The only thing I would add to Lo-Fi's list is 5C collets and the square & hex block holders.


----------



## Lo-Fi (Jul 31, 2021)

Ah, that's an omission! I actually have ER32 collet blocks and I forgot 123 blocks. Saved me buying a set of 5C just for collet blocks.


----------



## Larry$ (Jul 31, 2021)

Much depends on what you will be making on the mill. At the extreme end of least investment possible: decent vice (6" Kurt clone?) Set of parallels, set of two V blocks to hold round work in the vice. Small assortment of HSS end mills (2 flute for aluminum, 4 flute for steel.) A way to tram the vice (Dial test indicator & holder for the spindle?) 6" caliper. An edge finder, decent R8 drill chuck, set of R8 collets. Set of US name brand drills (115pc.)  Some HSS taps for your most likely to be used sizes (don't get the carbon steel ones unless you are really good at getting broken taps out!) Tapping fluid, WD40  for aluminum to prevent chip welding. Safety glasses, acid brushes, chip brushes, spindle wrench if it didn't come with one. Set of strap clamps that fit the Tee slots. There are more things to spend a few thousand dollars on, get them as needed.


----------



## mmcmdl (Jul 31, 2021)

OK and thanks to all . I'm making up a list of what I have and what could go with a mill if needed . This would not be up to me ,but the stuff would be available . I'm positive some of this would not be needed though . He's well into machining at this point .


----------



## Zack (Jul 31, 2021)

Chip brush!


----------



## mmcmdl (Jul 31, 2021)

BP series 1 2 hp vs head .


----------



## hman (Jul 31, 2021)

Something everybody else failed to list, but I see you've remembered ... a good cup of coffee


----------



## Brento (Jul 31, 2021)

Oh i wish the grinder was a little smaller! Lol


----------



## davidpbest (Jul 31, 2021)

Here's a list of what you might consider  - a small subset of my inventory listing items by usage and skills.


----------



## benmychree (Jul 31, 2021)

Also an air nozzle to blow chips and crud into every available crevice and make the largest possible mess in the shop.


----------



## mmcmdl (Jul 31, 2021)

8 inch indexer and right angle drive straddle milling attachment .


----------



## KyleG (Jul 31, 2021)

Lo-Fi said:


> ER32 collet chuck with full range of collets
> Various R8 collets (only one I really use is 3/4)

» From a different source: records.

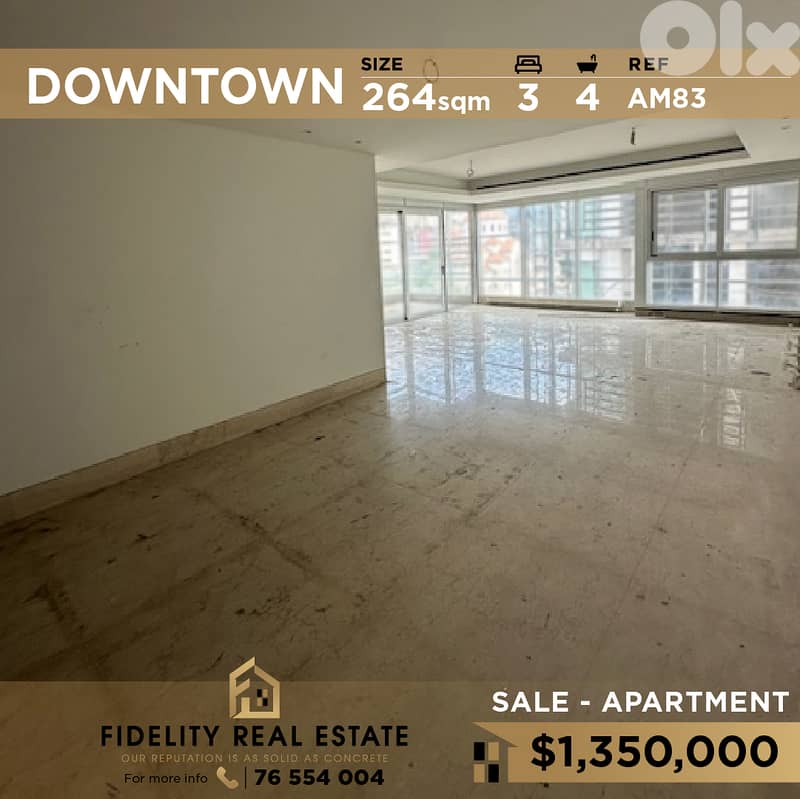 Apartment for sale in Downtown AM83 شقة للبيع في وسط المدينة 0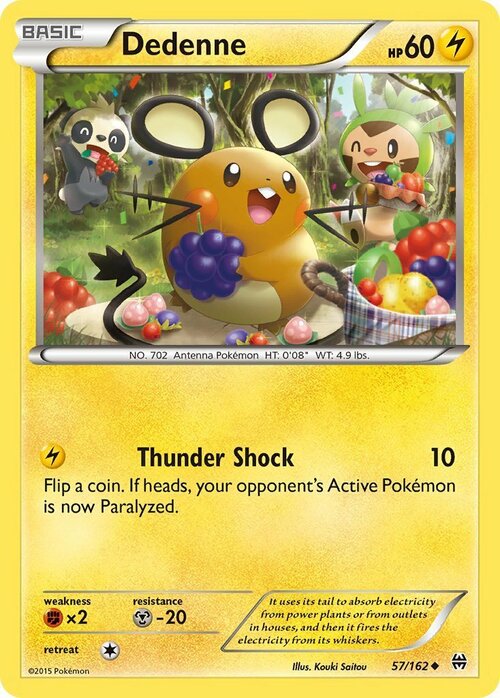 Dedenne Card Front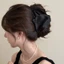 Tóc giả satin kẹp lưng phù hợp mọi khuôn mặt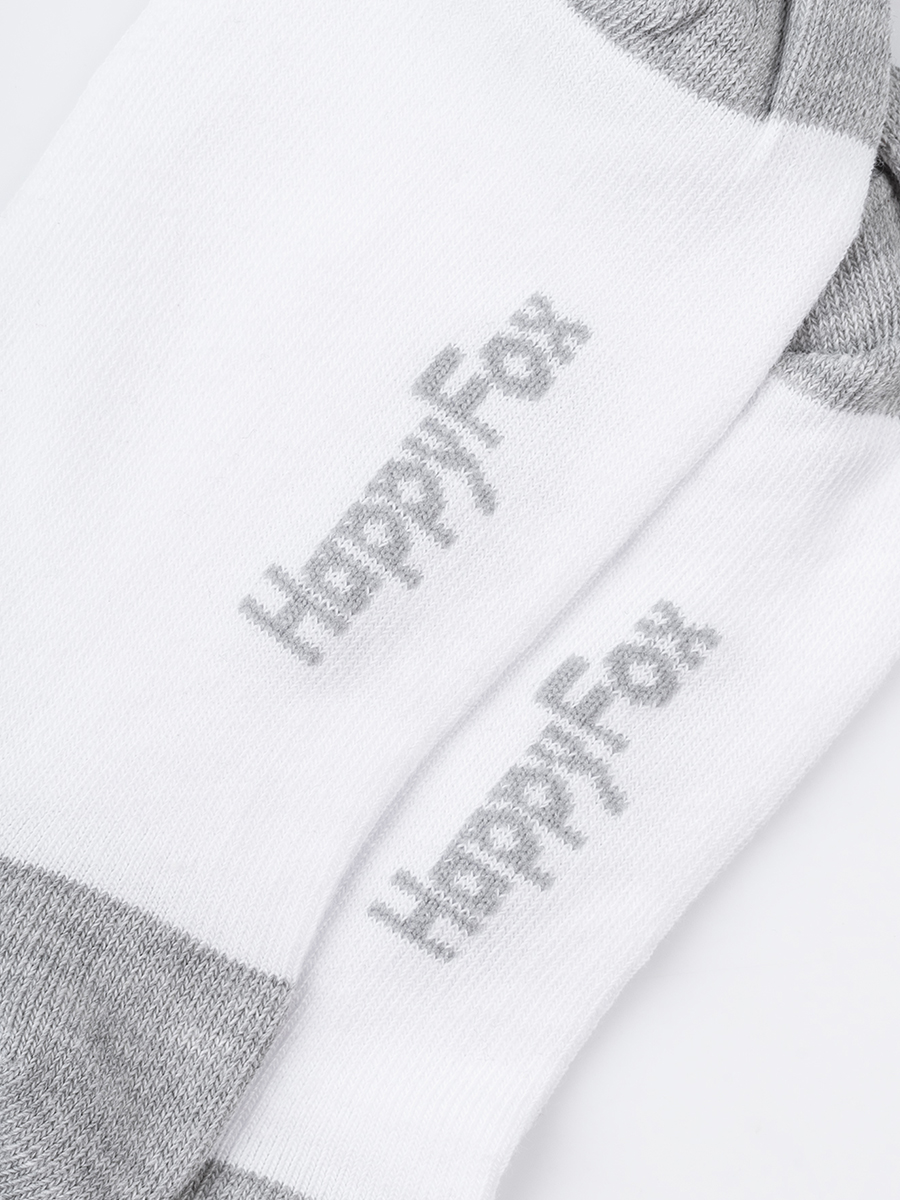 Носки 12 пар HappyFox HFET2001NBсв.серыймеланж.12 - фото 4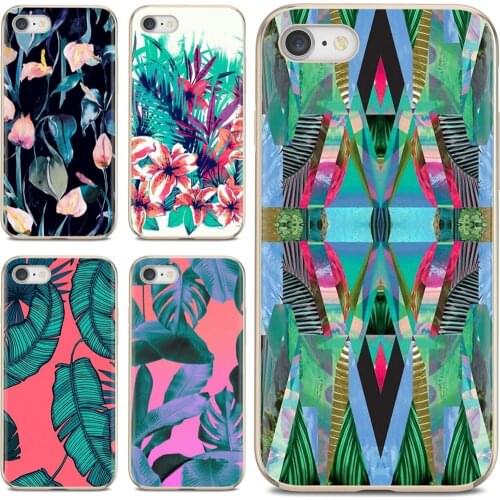 For Huawei Y6 Y5 2019 For Xiaomi Redmi Note 4 5 6 7 8 Pro Mi A1 A2 A3 6X 5X 7A Soft Skin Case Hibiscus flowers silk leaves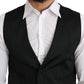 Dolce & Gabbana Elegant Silk Formal Gray Vest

That’s interesting. Do you use ER32 collets rather than R8 because it’s what you have, or do they offer a functional advantage for you?


----------



## mmcmdl (Aug 1, 2021)

Well yes . I have all these things mentioned above and I believe the interested member has most by now . As far as v blocks , angle plates , parallels , set up blocks , clamps etc , I have a few .


----------



## mmcmdl (Aug 1, 2021)

Hm................. . If he needs them .


----------



## Larry$ (Aug 1, 2021)

I used David's *Get Started list *for the mill and only those shown in "green" as *Must Haves* to see how deep the rabbit hole was to get started. I used his links for the prices. I only included those things for a mill, none for a lathe only.  29+- items, cost without shipping or taxes came to $2940, my local sales tax is 7.5% which adds $220, Freight ?? at least 10% $290 for a *grand total of $3450.*

I'm cheap so some of the quality items on his list would be things I'd go for a cheaper substitute to get started. That said, I've upgraded some of the cheap stuff I bought when getting started. I didn't include any cutting tools, sharpening stuff, roll around tool cabinets, bench & vice, or accessory equipment that is necessary (bench grinder, metal cutting saw, etc.) Add those if you don't already have them. There are lots of small items you will find desirable but are "as needed" things. 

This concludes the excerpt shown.